The defeat of the strike, the submission of the WGA and SAG-AFTRA to the companies’ terms, would mean continuing and even more devastating declines in incomes and jobs for tens of thousands in the industry and their being driven out of it in large numbers.

WGA officials like Keyser, an influential writer-producer, refer to the crisis facing writers and actors only as part of an effort to betray and shut down the strike.

So, Keyser can point out perfectly accurately that “there is no point in going back to jobs that may not be there in a year or two. No point in going back to jobs that don’t sustain a career. No point in us permitting the AMPTP to enforce a system that bankrupts our health and pension plan to the devastation of every writer,” and meanwhile assert that the WGA does not “begrudge the companies their success or deny their struggles. We all must succeed together,” and, as cited above, “We have never been the companies’ enemies.”

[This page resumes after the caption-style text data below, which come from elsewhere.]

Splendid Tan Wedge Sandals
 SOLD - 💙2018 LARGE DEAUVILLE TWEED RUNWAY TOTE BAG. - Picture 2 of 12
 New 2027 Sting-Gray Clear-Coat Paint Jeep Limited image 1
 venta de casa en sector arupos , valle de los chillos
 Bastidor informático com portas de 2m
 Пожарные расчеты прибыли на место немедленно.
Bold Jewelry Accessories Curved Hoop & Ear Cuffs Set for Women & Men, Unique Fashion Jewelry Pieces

Strikers July 14 in New York City

The companies recognize the actors and writers as their sworn enemies. They have every intention of “succeeding” at the latter’s expense. This is what they have been doing, with the unions’ compliance, for decades. Keyser was president of the WGA West from 2011 to 2015. What did he do to stop the bleeding?

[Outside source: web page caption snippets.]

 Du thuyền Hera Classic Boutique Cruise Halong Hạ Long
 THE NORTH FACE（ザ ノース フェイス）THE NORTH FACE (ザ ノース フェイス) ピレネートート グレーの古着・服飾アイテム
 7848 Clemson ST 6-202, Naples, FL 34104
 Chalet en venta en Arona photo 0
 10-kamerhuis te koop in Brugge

Keyser is typical of the social layer that leads the entertainment industry unions.

In the course of his recent message, Keyser paid tribute to labor. “That is where things stand on Labor Day, 2023,” he argued, “which is a celebration of the dignity and value of those who work. An acknowledgement that this country was built by the people who take home a paycheck.”

But Keyser’s ambition and career path led him to work for a notorious strike breaker. According to his official WGA biography, Keyser “is a graduate of Harvard College and Harvard Law School” who “began his career as a political speechwriter. He was the chief speechwriter for [Arizona] Governor Bruce Babbitt’s presidential campaign in 1988.”

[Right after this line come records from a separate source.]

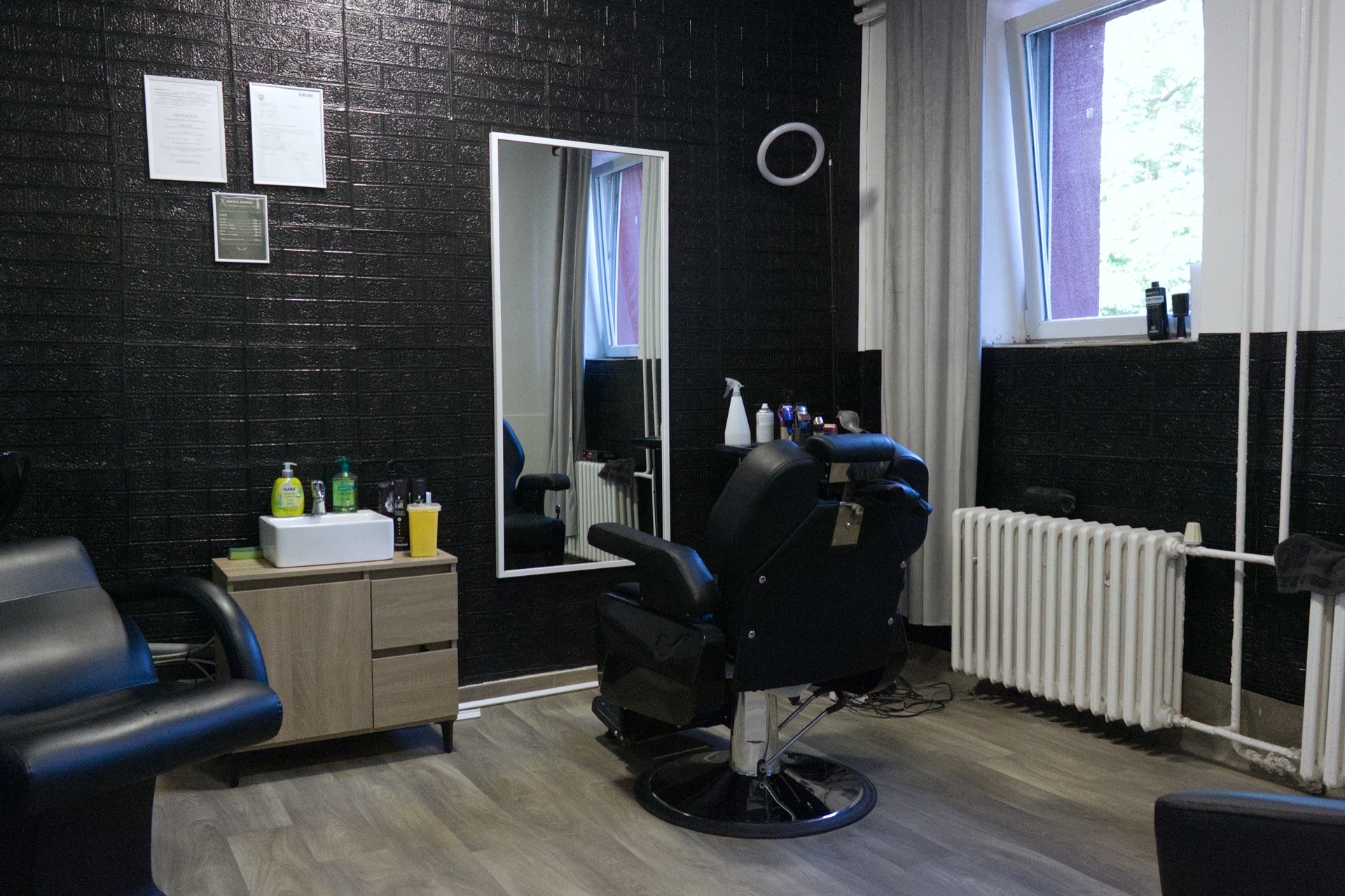 Interiér barbershopu v gymu Fitness Ring Karviná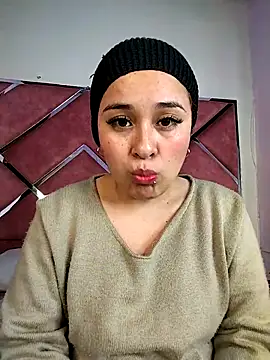 sara-lopez1 online show from 10-30-25, 12:12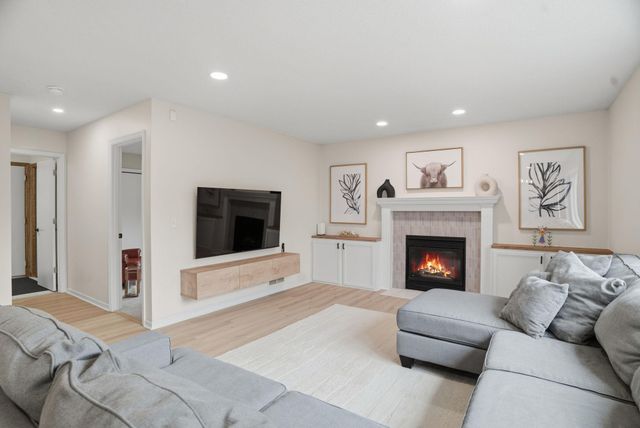 10648 71st Avenue N, Maple Grove, MN 55369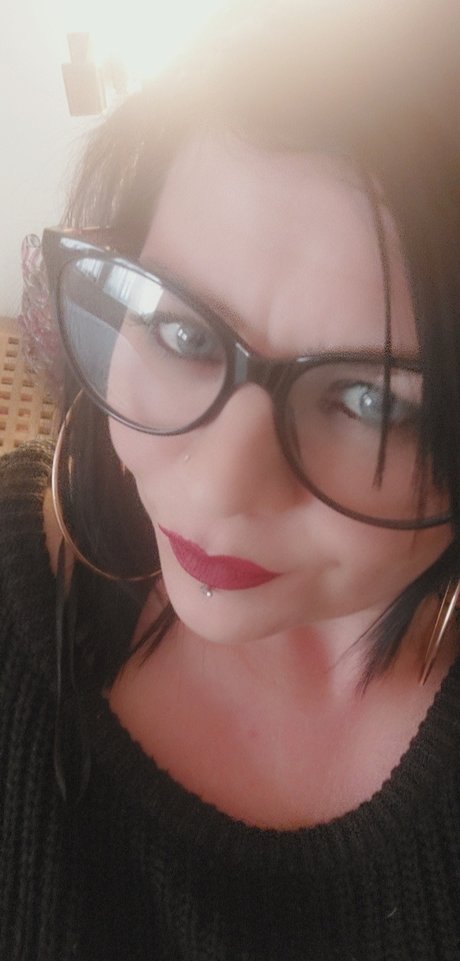 Nikki Bozz model xxx gallery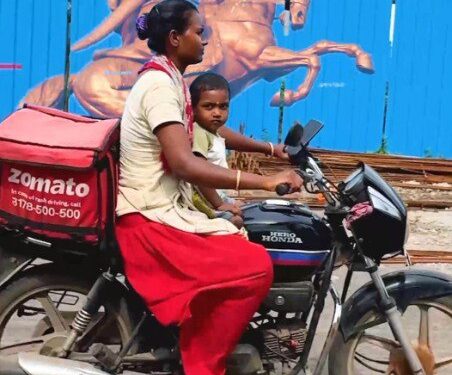 A Zomato delivery agent from Rajkot balanced work with her child, inspiring many online.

As governor, Babbitt had played an infamous role only a few years before in the bitter strike of 3,000 copper miners employed by the Phelps Dodge Corporation in Ajo, Morenci, Douglas and Clifton, Arizona, which began in June 1983 and lasted for three years. In fact, the strike was finally broken in 1986, the first year that Keyser apparently wrote a speech for Babbitt, or that there is any public record of one. Has he ever been asked to account for this?

As the WSWS recently explained, in introducing an interview with the de facto leader of the Phelps Dodge strike, Jorge O’Leary, “strikers from 13 local unions fought a ruthless company and its thugs, police, the National Guard, the Reagan administration, the state’s Democratic governor [Babbitt], the National Labor Relations Board, federal court injunctions, and the AFL-CIO, which isolated the strike in order to ensure its defeat.”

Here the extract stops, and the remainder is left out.